Well, The Storyteller’s Candle/La Velita de los Cuentos, it’s a beautiful book. And I really, you know, I talk about these books like my children because they are. But this is a very special book. I think it’s
it’s a book that tells a story about another Puerto Rican, Pura Belpre, a librarian, the first Puerto Rican and Latina librarian in the public libraries of New York who was called upon when back in the 1930s during the recession, there was a wave of migration from Puerto Rico of a lot of Puerto Ricans looking for jobs and came to establish themselves in what we call today Spanish Harlem, el barrio.

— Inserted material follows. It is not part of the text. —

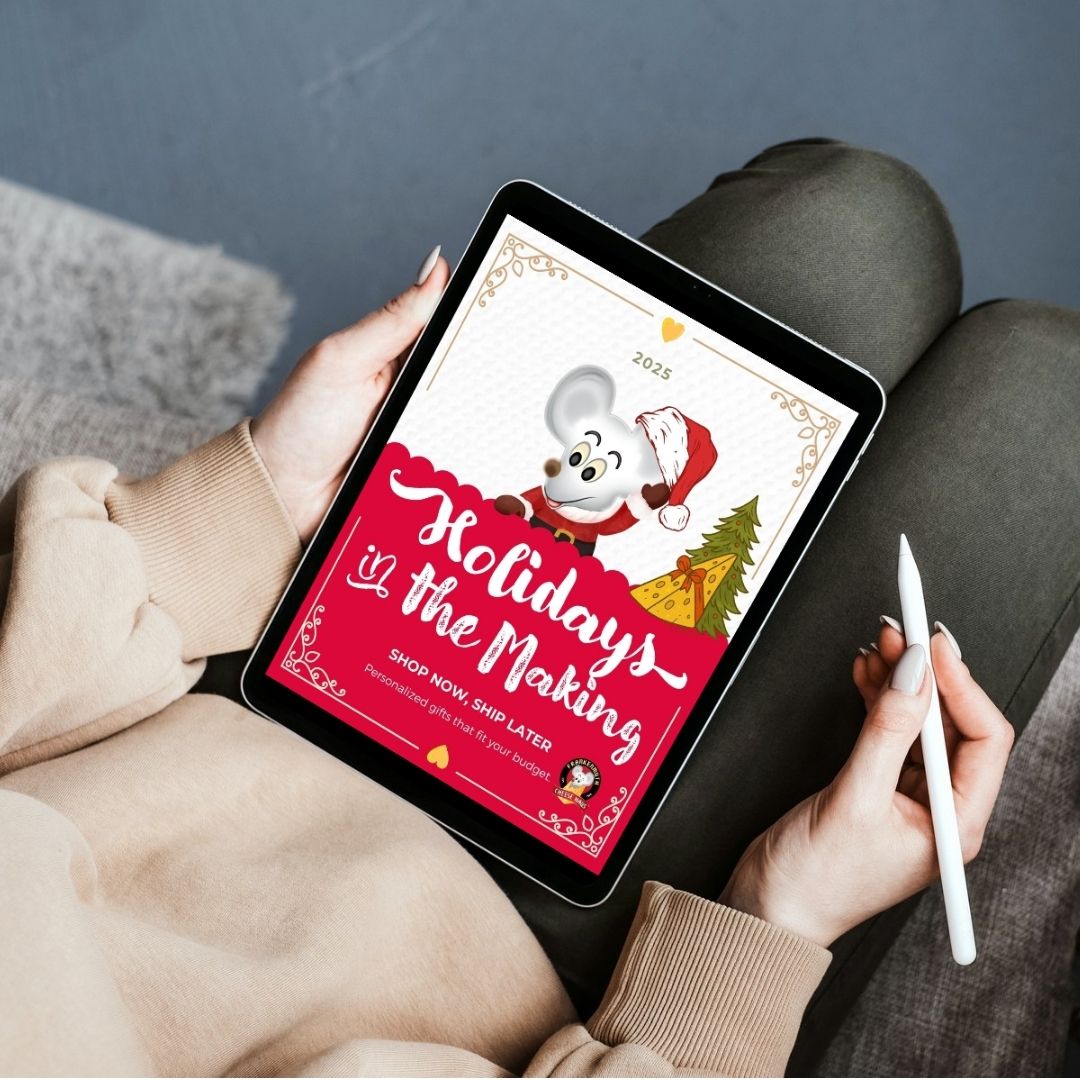 Your Holiday Inspiration Catalog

And Pura Belpre was called upon to see how she could
what could she do to bring these
these new immigrants into the library. These immigrants came with the ideas that the libraries, well, the libraries were not for children. And in the libraries of New York, how could they find books in Spanish, en Español?
So they never dare go inside. It is a beautiful story that I knew not as much as to, you know, initially until I read all the research that Lucia Gonzalez, the author of the book, made. Lucia and I are very good friends. And Lucia herself is a librarian, a public librarian, a puppeteer, a storyteller, and, of course, an author, very much in the same way that Pura was.
And we get along very well. And when she told me that she wanted me to illustrate this book, I thought it was
it’s a marvelous combination. And I
the first thing that I did in term of research was actually travel to Miami, meet with her, talk to her. Through her, I read everything that she had read because she had kept everything.
And then, of course, the research. I needed to know about Pura before starting to illustrate the book for Lucia, but also then I went a step beyond. Then I needed to know how to put the illustrations of the book in the
in its historical context. And this is really the very first picture book that I do that is historical fiction.
And so
so in those terms, I really spent a lot of time trying to figure this out. I mean, of course, the very obvious things are to draw the cars of the time, to draw the buildings of the times, you know, the clothing that the people were wearing. That’s obvious.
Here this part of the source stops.